Once the images are set aside, print the remaining lines below exactly.

Dataset extract:
________________

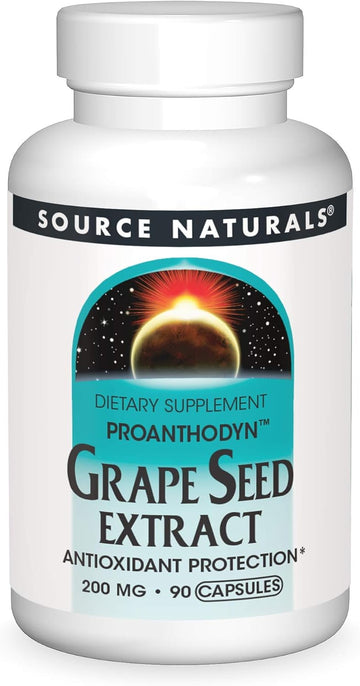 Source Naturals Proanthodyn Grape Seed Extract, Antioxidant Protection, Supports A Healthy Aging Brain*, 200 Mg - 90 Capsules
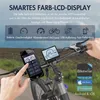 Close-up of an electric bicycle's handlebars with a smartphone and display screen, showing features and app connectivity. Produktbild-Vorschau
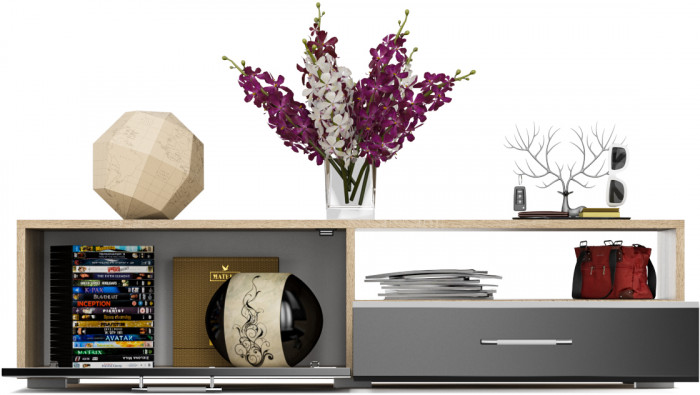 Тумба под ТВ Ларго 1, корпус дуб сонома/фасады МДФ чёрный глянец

________________

Final answer:
 Source Naturals Proanthodyn Grape Seed Extract, Antioxidant Protection, Supports A Healthy Aging Brain*, 200 Mg - 90 Capsules
 Close-up of an electric bicycle's handlebars with a smartphone and display screen, showing features and app connectivity. Produktbild-Vorschau
 Тумба под ТВ Ларго 1, корпус дуб сонома/фасады МДФ чёрный глянец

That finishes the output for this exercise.